Sunday, January 29, 2006

A Deadly Embrace

Before the 1968 Democrat National Convention in Chicago there really wasn't a great deal of difference between our major national political parties. Both were committed to containing the Communist menace abroad and strong on national defense. We had the choice of a slightly center-right national government and a slightly center-left one in terms of domestic policy. Politics was not then a matter of good versus evil. It was a matter of which party could do the most good or the least harm. The changes in the national political landscape since are both monumental and profoundly disturbing.

Democratic politics bears a striking resemblance to marketing. In order to maximize your market share and then defend it you must offer a mix of products and services more promising than that of your competitor and then insure that it does not fall so far short of expectation as to greatly erode consumer confidence. Your primary constituencies must get at least a little of what they wanted and that must be more than they would expect from your major competitor. You also must provide some return on investment to your financial contributors who are, in effect, your party's stockholders. It isn't a pretty picture but all of the idealistic alternatives to the crude workings of democracy have, when applied, proven to be dreadful failures.

Before 1968 the fundamental issue in contention between the Republican and Democrat parties was what was good for America. There has been no change since then in the Republican Party. Its foreign policy shamelessly aims at furthering American economic and security interests. Its domestic policy is oriented towards fostering economic growth and it is, on average, no more socially conservative than the average American. It has become a big tent. The same cannot be said of today's national Democrat Party.
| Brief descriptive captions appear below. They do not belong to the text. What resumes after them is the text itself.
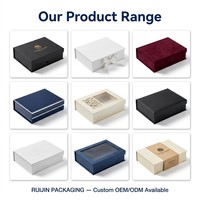 Caja de Regalo con Cierre Magnético, Cartón Gris Grueso, Embalaje de Ropa Personalizado, Rígida, Plegable, con Estampado Dorado, Reciclada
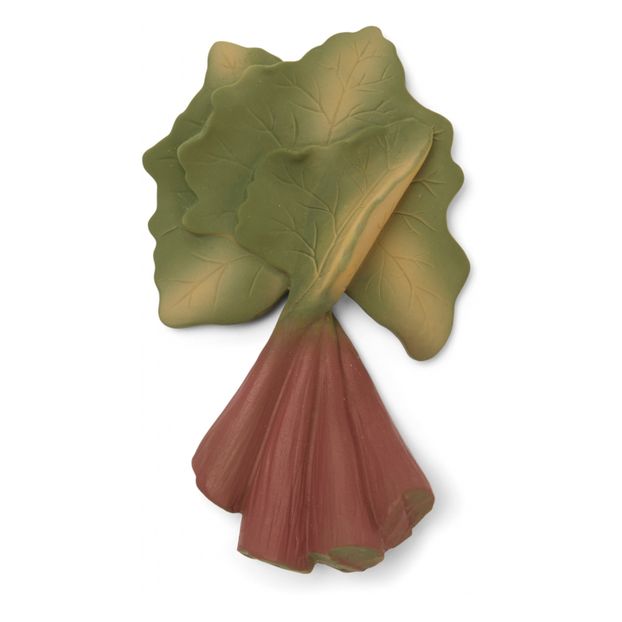 Anneau de dentition Rhubarbe en caoutchouc naturel-product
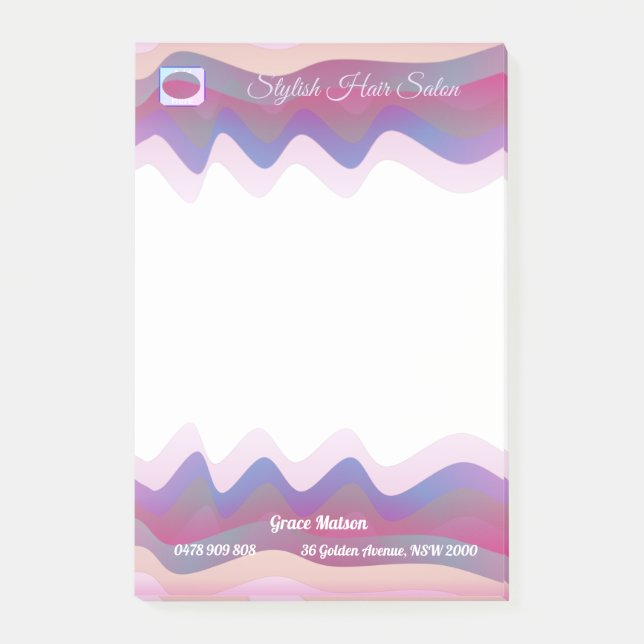 Business Weekly Möte Rainbow Post-it Notes (Framsida)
While it is possible in a few strokes of the brush to characterize the Republican Party I find it impossible to do the same with the Democrat Party. While one need not look far to find a mountain of complaints directed towards Republicans in general and the Bush administration in particular it is impossible to find a mole hill of positive substance. Where do Democrats, in the main, stand on national security and foreign policy? What are the primary domestic policy initiatives that Democrats, on the whole, favor? Who, if anyone, speaks for the Democrat Party? Howard Dean? John (by the way, he served in Viet Nam) Kerry? The Daily Kos? Moveon.org? George Soros? Hillary Clinton?
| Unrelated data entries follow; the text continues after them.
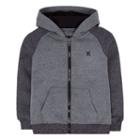 Boys 4-7 Hurley Logo Zip Hoodie, Size: 7, Med Grey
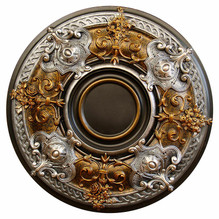 Dark Platinum - FAD Hand Painted Ceiling Medallion - #CCMF-035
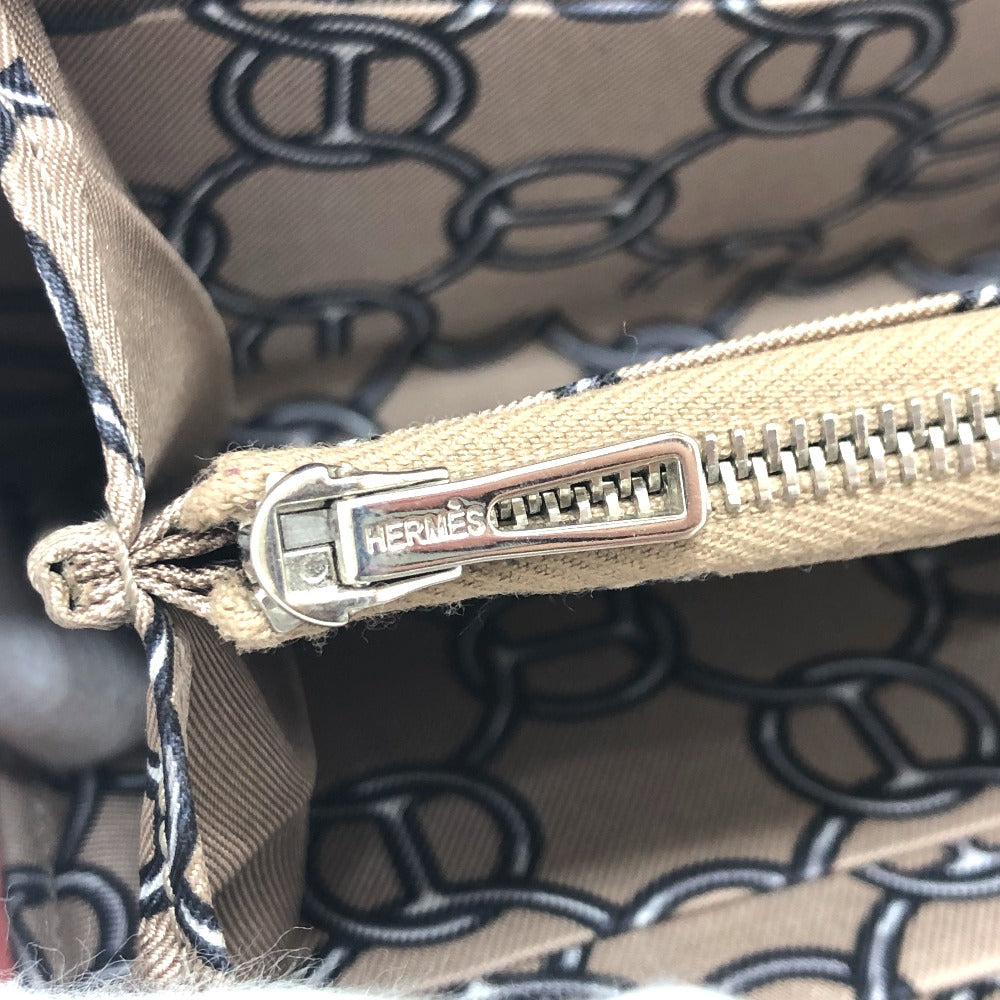 HERMES Long Wallet Purse Epsom Pink type Azap silk in Women Used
Vagaries about doing some unspecified nice thing or things for "working families" or giving lip service to "social justice" simply will not do. Invoking class warfare isn't helpful when so many Americans have invested either directly or indirectly in the stock market in order to secure a comfortable retirement. Lot's of Democrats drive light trucks and SUVs and an energy policy aimed at punishing the owners of both is not successful party platform material.
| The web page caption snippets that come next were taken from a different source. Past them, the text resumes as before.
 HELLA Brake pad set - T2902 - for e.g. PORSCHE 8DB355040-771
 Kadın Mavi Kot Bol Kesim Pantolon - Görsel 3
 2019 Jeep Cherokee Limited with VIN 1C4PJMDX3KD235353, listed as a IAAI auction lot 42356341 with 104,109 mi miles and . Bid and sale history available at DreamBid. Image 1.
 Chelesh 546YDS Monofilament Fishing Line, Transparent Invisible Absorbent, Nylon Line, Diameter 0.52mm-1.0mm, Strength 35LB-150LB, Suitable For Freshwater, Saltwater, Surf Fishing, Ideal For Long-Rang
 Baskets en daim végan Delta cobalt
For a successful center-left party to succeed it must have a center to anchor it in political reality and a left that pulls it no further left than the center can tolerate. Where, in the name of God, can one find a national Democrat center these days? The ever more demanding Left representing at most 20% of American voters is flourishing while the Democrat center has failed to hold. This is not a good thing because it vitiates the Democrat Party and in so doing artificially strengthens a Republican Party that needs a strong challenge to keep it focussed and honest.

The gradual erosion of the Democrat center that began in 1968 appears to be close to having run its full and catastrophic course. Like the Balrog in "The Two Towers" plummeting into a void the Democrat Party will very likely pull its adversary down with it. I do not look forward to an America governed by a corrupt and complacent Republican Party opposed by a small, leftist party of little popular appeal.

Politicians are to me almost all cut from common cloth regardless of party. They are, on the whole, easily bought if the price they must pay is that of re-election. They are no wiser or honest than the average American and in many cases much less so. The few conservative idealists who make it to Congress are soon disillusioned. Politicians on the edge and uncertain of their political futures are those most responsive to their most important constituencies. If the center of the Democrat Party loses to its Left conservatives will lose, proportionately, their influence on the Republican Party. The Republican Party will in turn lose its heart and soul.